Supplied information ::
Start of Block
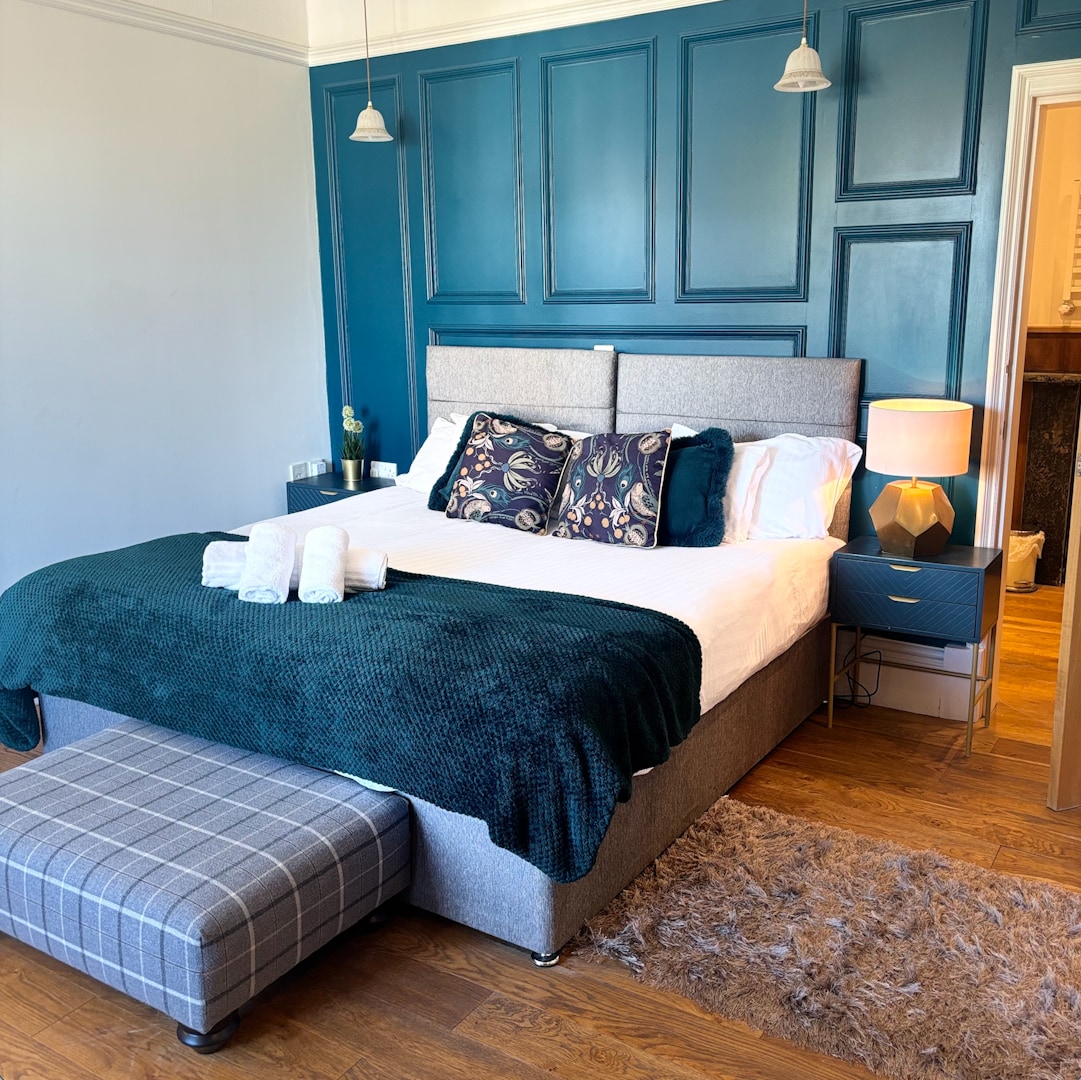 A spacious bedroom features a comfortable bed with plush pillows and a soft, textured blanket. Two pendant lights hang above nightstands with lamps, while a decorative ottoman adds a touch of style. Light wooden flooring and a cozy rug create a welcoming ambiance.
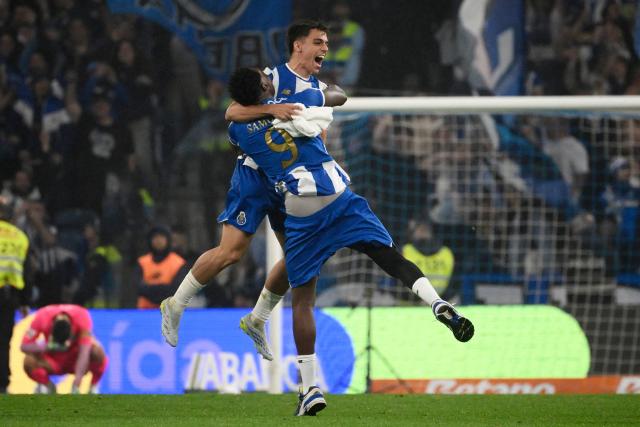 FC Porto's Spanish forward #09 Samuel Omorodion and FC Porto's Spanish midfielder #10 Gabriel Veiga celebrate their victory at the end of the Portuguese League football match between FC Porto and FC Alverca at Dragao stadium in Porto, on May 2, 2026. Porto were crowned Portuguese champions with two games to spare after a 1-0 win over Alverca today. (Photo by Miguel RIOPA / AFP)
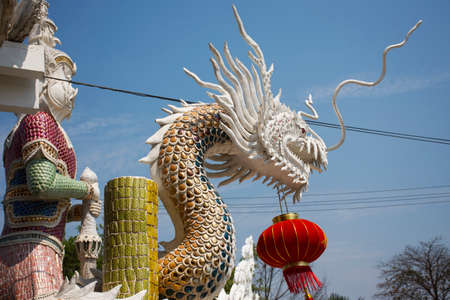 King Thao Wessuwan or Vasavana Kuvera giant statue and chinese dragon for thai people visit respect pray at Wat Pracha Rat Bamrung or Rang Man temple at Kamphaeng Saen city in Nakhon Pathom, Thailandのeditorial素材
End of Block
Exercise goal ::
Give back exactly the lines from the line with "FC Porto's Spanish forward" through the end of the material above, inclusive, with no pictures.

Exercise output ::
 FC Porto's Spanish forward #09 Samuel Omorodion and FC Porto's Spanish midfielder #10 Gabriel Veiga celebrate their victory at the end of the Portuguese League football match between FC Porto and FC Alverca at Dragao stadium in Porto, on May 2, 2026. Porto were crowned Portuguese champions with two games to spare after a 1-0 win over Alverca today. (Photo by Miguel RIOPA / AFP)
 King Thao Wessuwan or Vasavana Kuvera giant statue and chinese dragon for thai people visit respect pray at Wat Pracha Rat Bamrung or Rang Man temple at Kamphaeng Saen city in Nakhon Pathom, Thailandのeditorial素材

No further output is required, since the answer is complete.